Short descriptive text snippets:

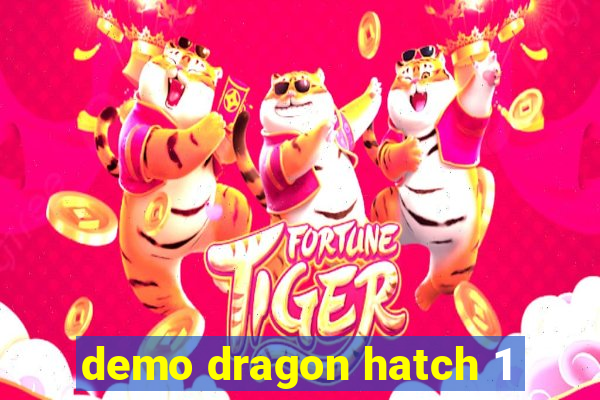 demo dragon hatch 1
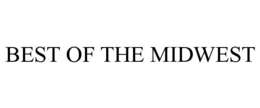 BEST OF THE MIDWEST trademark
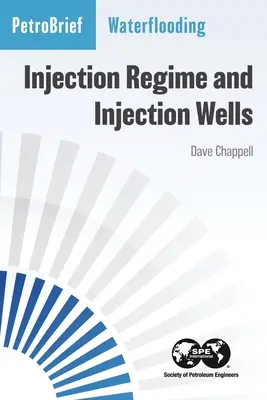 Waterflooding (Zaplavovanie vodou): Injekčný režim a injekčné vrty - Waterflooding: Injection Regime and Injection Wells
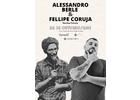 Alessandro Berle e Felipe Coruja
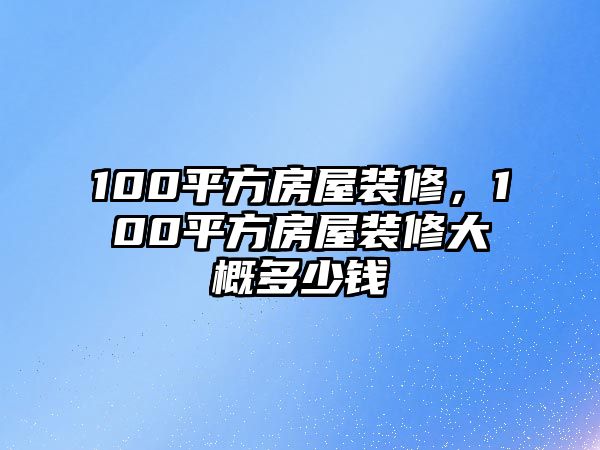 100平方房屋裝修，100平方房屋裝修大概多少錢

#### PROBLEM REQUIREMENTS
Each entry above should be copied exactly. The pictures should not.

#### EXPECTED OUTPUT
 demo dragon hatch 1
 BEST OF THE MIDWEST trademark
 Waterflooding (Zaplavovanie vodou): Injekčný režim a injekčné vrty - Waterflooding: Injection Regime and Injection Wells
 Alessandro Berle e Felipe Coruja
 100平方房屋裝修，100平方房屋裝修大概多少錢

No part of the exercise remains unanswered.